Photo: Rimac Automobili
We may earn a commission from links on this page.

Ten years ago Mate Rimac had no idea the newly formed company carrying his name would end up supplying Porsche and Hyundai, become synonymous with yet another Richard Hammond crash, or grow so fast he’d have to build a new $238 million campus for 2,500 employees outside of Croatia’s capital, Zagreb. Rimac has gone from struggling to pay employees to a shining example of new Croatian industry, and now it’s planning to build a factory to match its reputation.

(Full Disclosure: Rimac invited me to join a Teams call to talk about its new headquarters project last week. Some of the quotes in this interview have been edited for clarity. Mate Rimac seemed to be a really neat guy.)

Image for article titled Rimac's Plan For A $238 Million Factory Started With A Castle
Photo: Rimac Automobili

Mate Rimac, now aware that his company represents a significant part of his country’s future economy, carefully explained the approach to building a new headquarters over a video call last week. The new HQ could not simply be an obnoxious cuboid with a logo slapped up in a corner.

“We work day and night. We work our asses of. I want people to be able to use every little moment they have between meetings or when they need to catch a breath or anything to enjoy their time. To not go crazy just being in the office the whole day. I think it’s the right thing to do to spend time in nature,” Rimac said on the call.

Image for article titled Rimac's Plan For A $238 Million Factory Started With A Castle
Photo: Rimac Automobili

That means it’s going to come with a fairly traditional factory, for paint and assembly of Rimac’s electric battery packs and supercars. But the company also has a lot more planned for the space.

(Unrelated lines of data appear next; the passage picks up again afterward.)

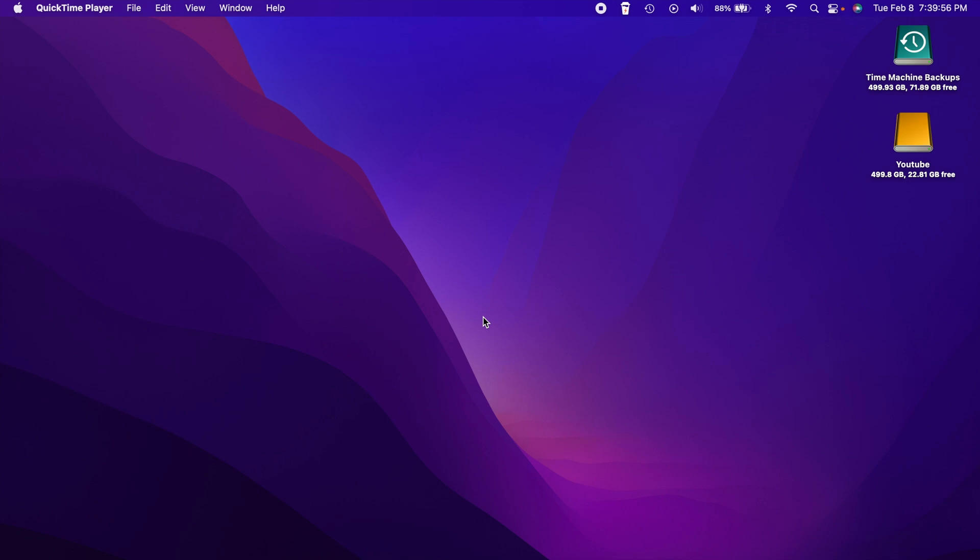Alright guys, we already did a Windows 11 video for 2022, so let's go ahead and talk about 10. Good news here is it's basically the same process, we're just using Windows 10 instead.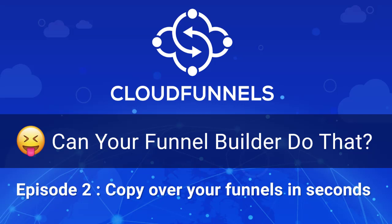Hey guys, this is your friend Siddhajit. Welcome to the second episode of Cloud Funnels can do it but your funnel builder cannot.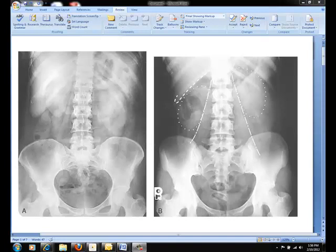Here, in image B, this is an AP abdomen showing proper positioning and collimation. The kidneys, shown as dotted lines, are visible. The margin of the liver is the dashed line, and the psoas muscles are the dot-to-dashed lines.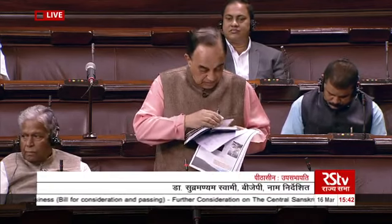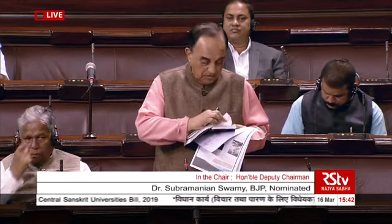Now, Devanagari is the script of Sanskrit. Then, Article 351, which says something even more: for the expressions used in Hindi and other languages of India specified in the 8th schedule, and by drawing wherever necessary and desirable for its vocabulary, primarily from Sanskrit.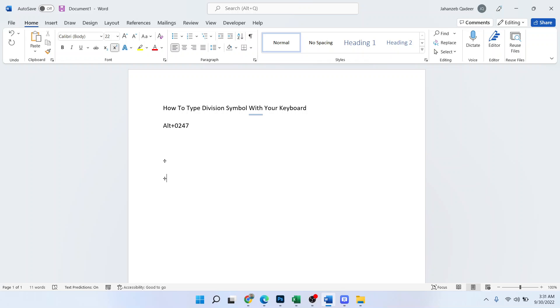So this is the process by which you can type the division symbol with your keyboard in MS Word. I hope you find this video helpful. If you find this video helpful, must like this video, subscribe to our YouTube channel for future videos. We'll see you in the next video. Thank you, have a good day.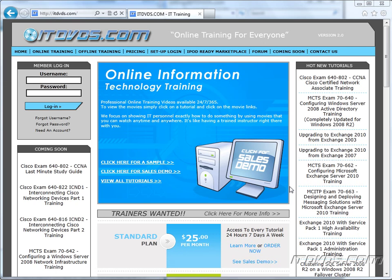Welcome to the ITDVDs.com YouTube channel. This is just a sample of the training available at ITDVDs.com. If you would like to see complete training, please go to ITDVDs.com. Now let's begin the sample.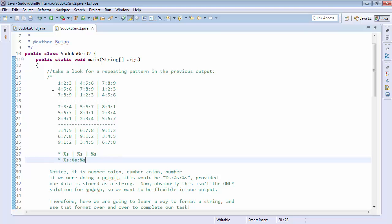And each one of those strings can be represented as percent s colon percent s colon percent s. So we remember when we worked through that in our putting it all together.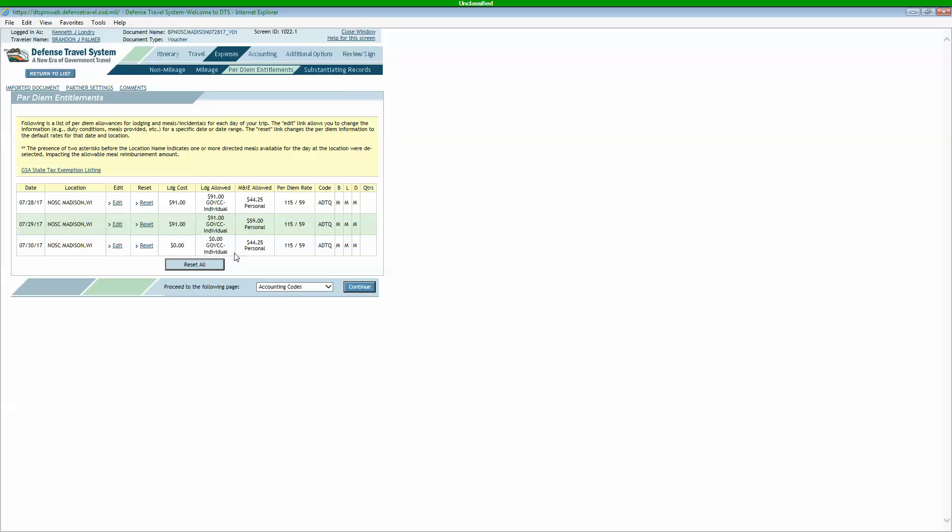But if you don't know how to edit this stuff, you can just skip this section. Once you send it to your authorizing official, they're going to edit it anyways. They're going to make it correct. So really, it's not too important, but it's something to take a look at.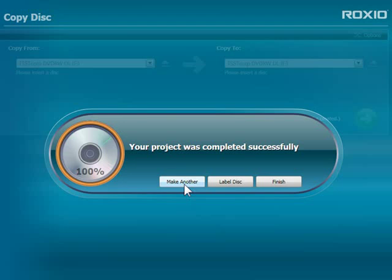The Make Another Copy button makes it a snap to produce as many copies of a disk as you need without having to read the original disk again.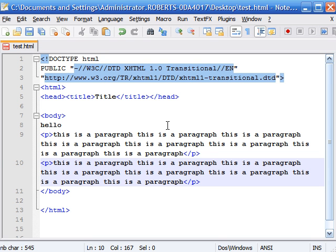What's up everybody? Welcome to my third tutorial on XHTML. Last time we learned about colors and headings and how to make paragraphs.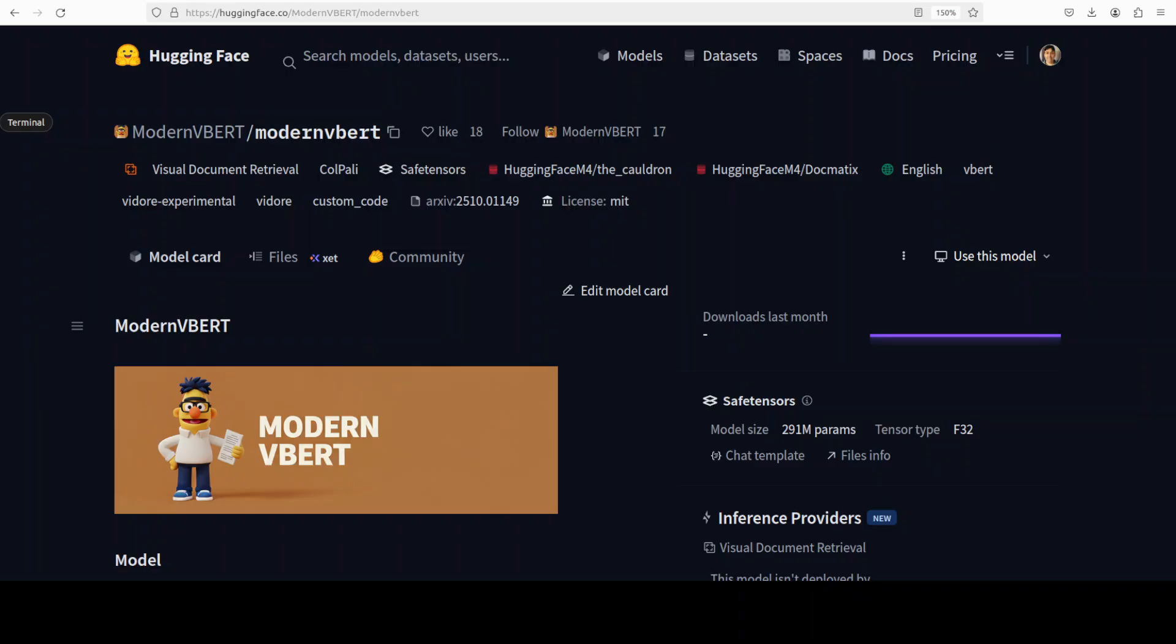VDR pipelines index page images, compute similarities between a text query and those images, and return the top matches. So how is this different from VLM, you might ask?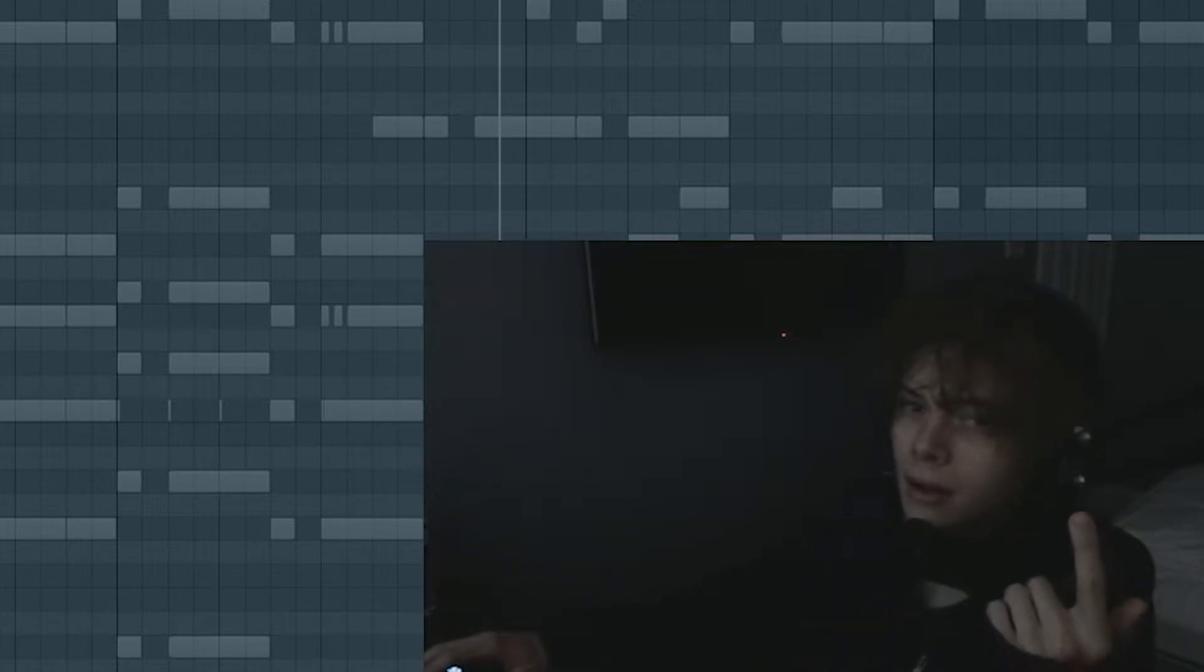Yo, also shoutout X8 for the kit. That's the serum kit I'm using for all this shit. I don't know if it's available anywhere, but I'll link it if I find it.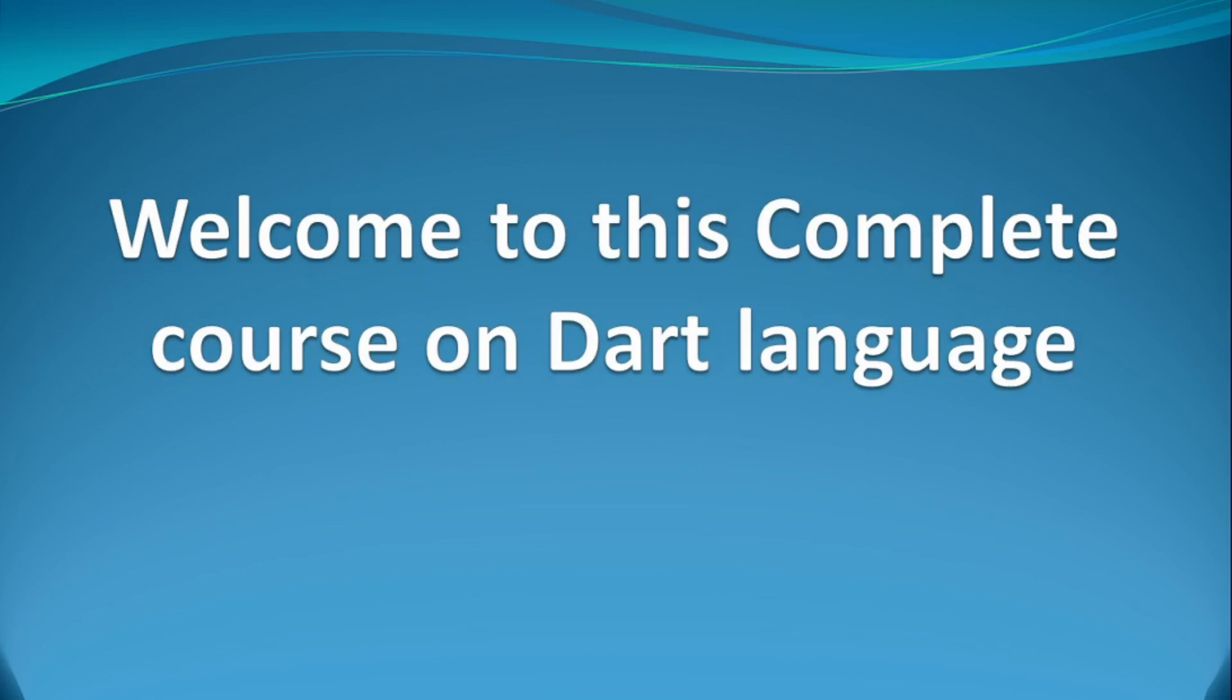This course teaches everything you need to know to master the Dart language. Dart is the language behind Flutter.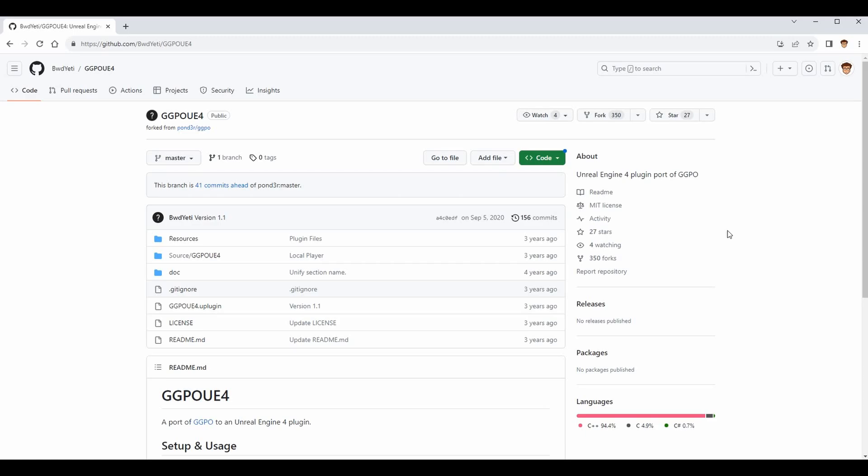For those of you that haven't watched my series and you're just interested in this plugin specifically, that's fine too. I'm not going to do anything specific to my series today. I'm just going to show you how to set up this plugin in your game and start working with GGPO or rollback netcode in Unreal Engine 4.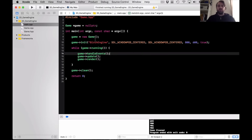We have our game loop working. Next episode we're going to bring in an image and start moving it around the screen — see you next week.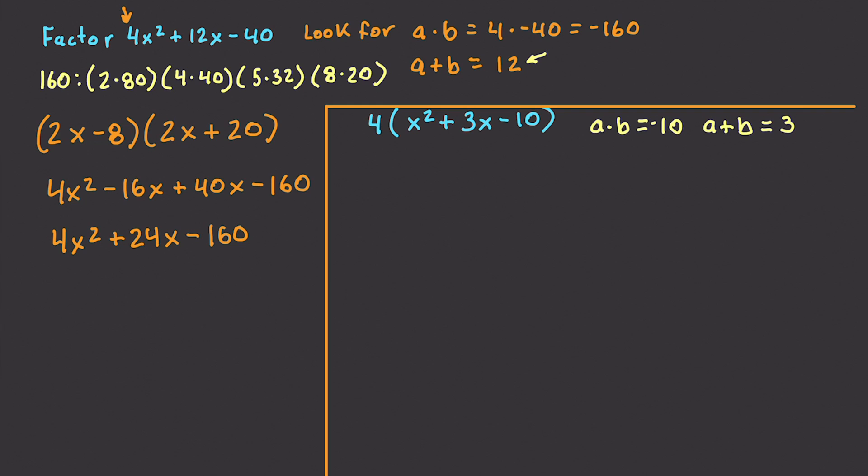Again, we are going to look for a times b, which is going to be equal to, this is assumed to be a 1, and this is negative 10, obviously. So we'll just make this negative 10. And a plus b is going to be equal to 3. Well, if we go and look at ways of creating 10, we have 2 times 5. And if we do that, we'll see that indeed 5 minus 2 is going to be equal to 3. And negative 2 times 5 is going to give us negative 10.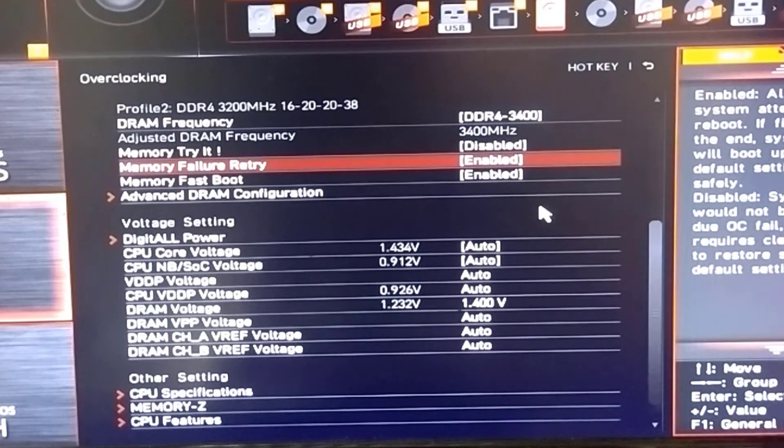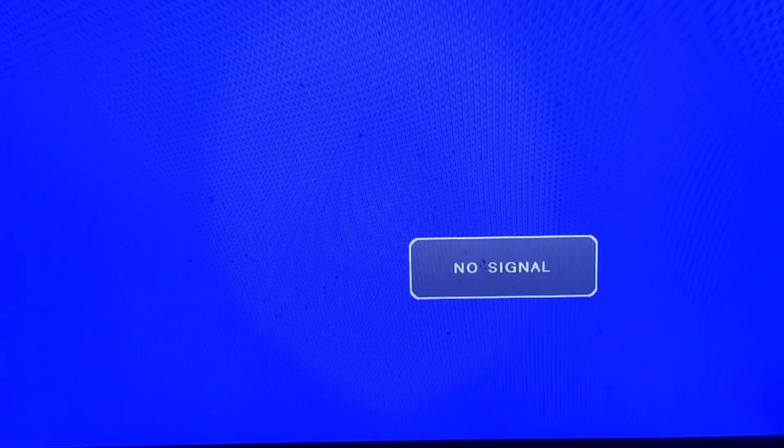We have to try the frequency and the voltage to see if it's stable. If it's stable, we increase the voltage and try again. When it's stable, we save the settings. If you have any questions about this video or other problems related to your PC, please comment below. If the system is unstable, it will stop and you will see a frozen screen.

Image for article titled Rimac's Plan For A $238 Million Factory Started With A Castle
Photo: Rimac Automobili

For the young exec, the new joint had to be a place employees and their families could actually make use of and interact with, rather than a place just to be looked at and admired from afar, or a building to be viewed as a product itself.

“For example, McLaren, I really respect the company and they have a great campus. But it’s designed that the people don’t make a mess out of it,” Rimac added, “We really want to design something around the people, give them the best place to work and [Architects 3LHD] understood everything in terms of requirements and so on. They didn’t try to make a monument for themselves, but actually something that works for the company. And it looked beautiful. I think it was absolutely the right choice.”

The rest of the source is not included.